The surviving currency is the regular Cuban peso (CUP) and the loser is the CUC, the currency tourists used.
The big winner is the US dollar which will start out fixed at 24 pesos to 1 USD, said Diaz-Canel. The CUC substituted the USD back in 2004, ordered by Fidel Castro. The catch is the government doesn’t sell dollars, needed for basic product shopping in its retail stores. On the street, the rate currently ranges from 40 to 50 pesos for one dollar.
The government has put together an economic “update” package of over 200 measures which will gradually come into effect. Foreign investors, certain state companies and their executives, and Cubans with capital will be the big winners with the new rules. As to the general population, the government assures the measures will stimulate greater production and purchasing power.

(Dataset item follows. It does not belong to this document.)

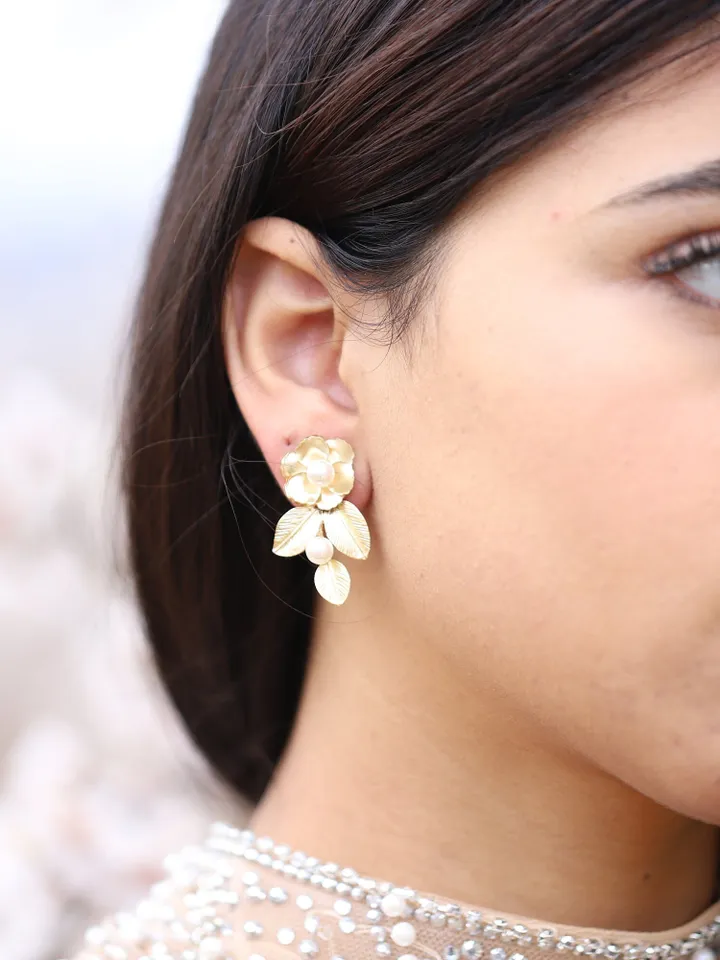 Floral Boho Wedding Earrings Boho Bridal Earrings Floral Wedding Earrings Pearl Wedding Earrings Leaf Bridal Earrings Gold Wedding Earrings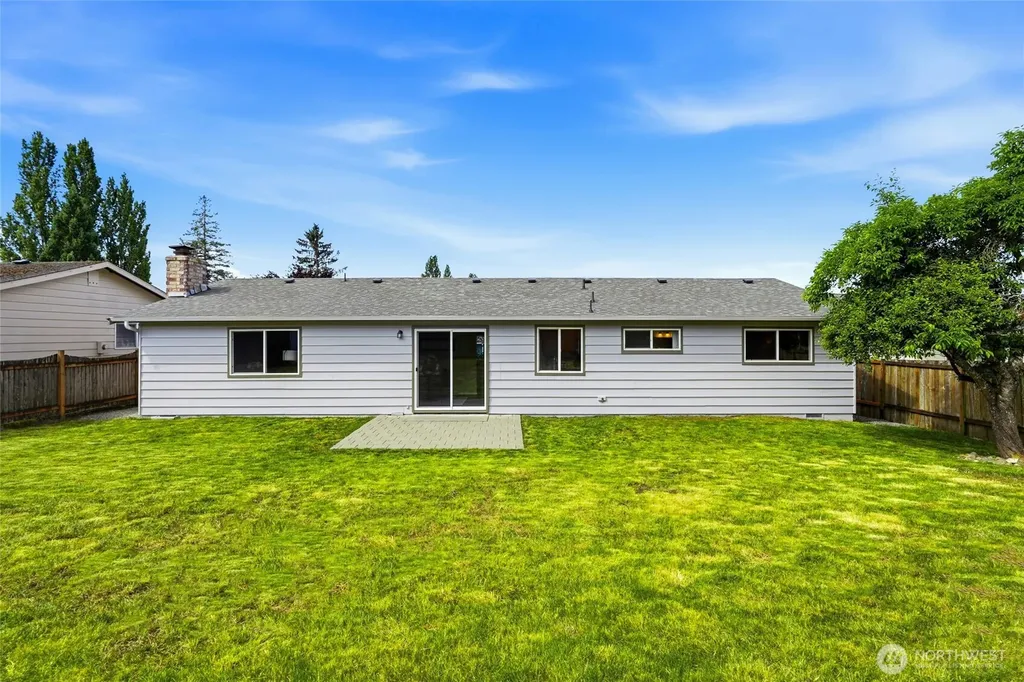 5627 60th Drive NE Marysville WA 98270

What currency will tourists use?
It’s not known whether visitors to Cuba will use cash dollars at hotels, restaurants and stores or the regular pesos. If it’s the latter, and they have to sell their USD at the 24 to 1 rate, the purchasing power would be greatly reduced. This because at 24-1 the peso is highly overvalued, something even top government economists previously stated.

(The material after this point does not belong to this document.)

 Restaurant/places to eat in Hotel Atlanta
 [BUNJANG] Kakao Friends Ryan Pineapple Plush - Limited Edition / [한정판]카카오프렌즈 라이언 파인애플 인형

The government has announced an up to 500% increase in the minimum wage in the State Sector, which controls over 85% of the economy. How that will be financed in a time of economic crunch and depressed production of goods is still a mystery. The implementation date of the wage hike is still not known.
Likewise, when that takes place, most subsidies will be dropped on rationed products, which many depend on. Whether the net result will mean an improvement in people’s purchasing power remains to be seen.

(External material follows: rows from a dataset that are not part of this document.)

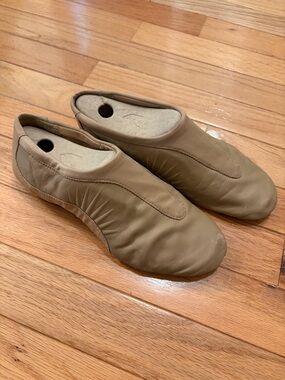 Bloch Pulse Jazz Shoes Split-Sole Slip-On Dance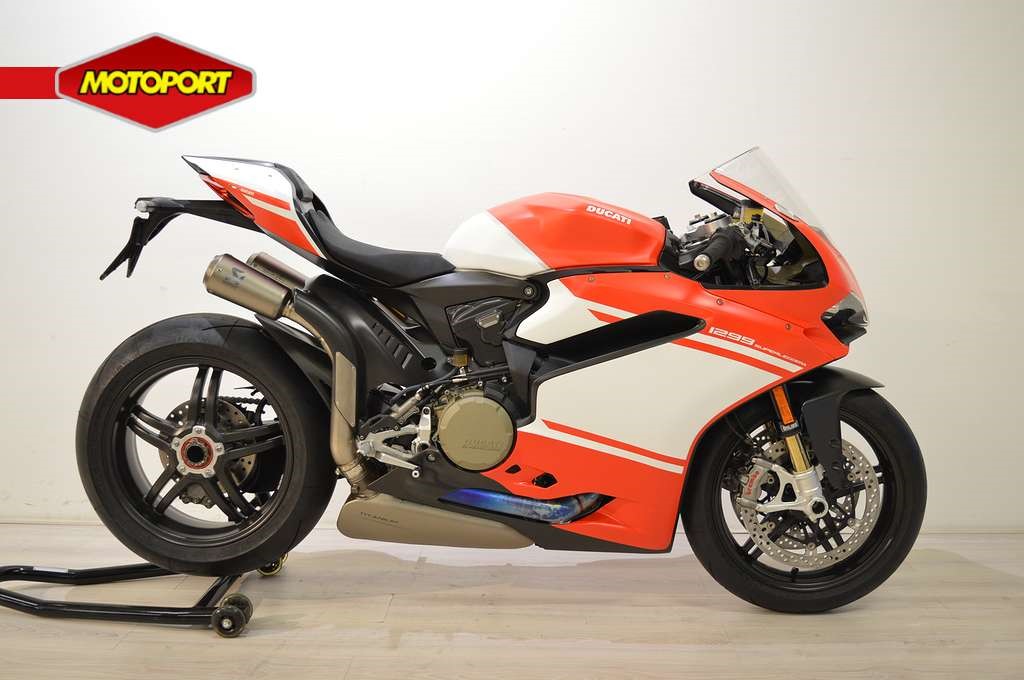 Ducati 1299 Panigale Superleggera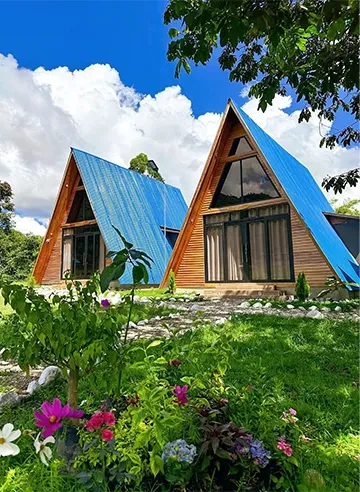 Alpinas en Oxapampa, un alojamiento acogedor y rústico en medio de la naturaleza, perfecto para una escapada relajante en la selva central.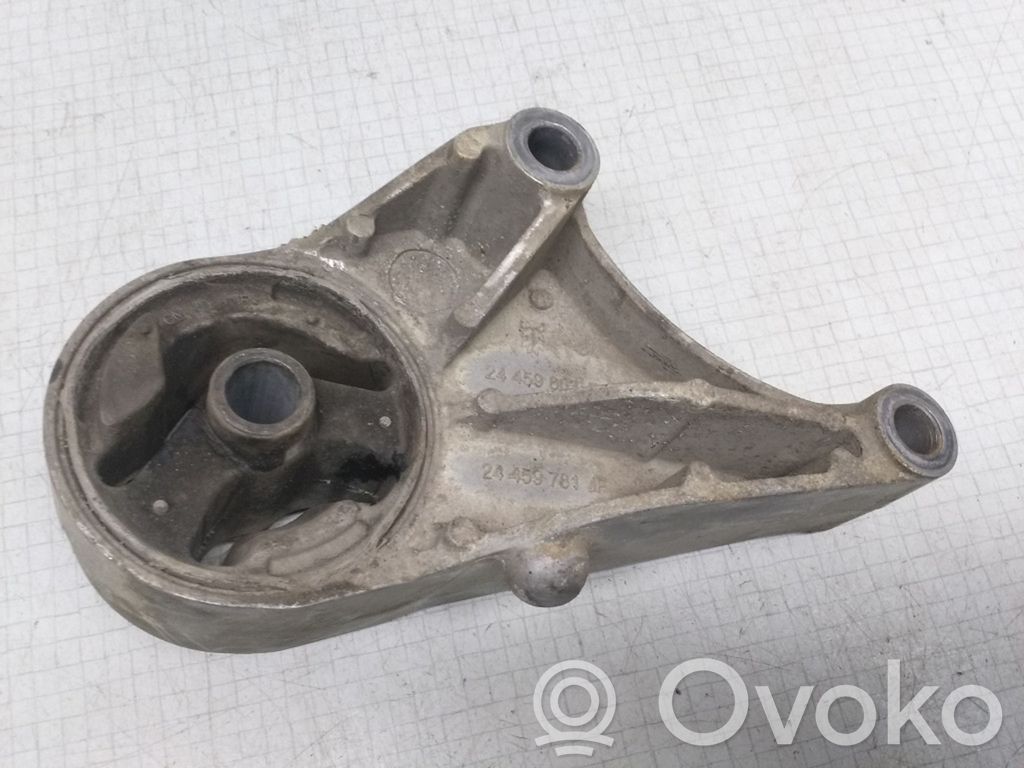 Opel Astra H Engine mount bracket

The fate of pensioners, who will also receive an increase, is still unknown. They currently receive an average equivalent of 10-12 USD in pesos. To reassure people, the government repeatedly insists that nobody will be left to their fate in Socialist Cuba.
Diaz-Canel noted the economic “update” was first approved by the Communist Party in 2011 and then reapproved in 2016. He said the government would begin issuing detailed information on the policy changes in the coming days. He warned that undesired inflation may result, but said strict price controls and stiff punishments are planned.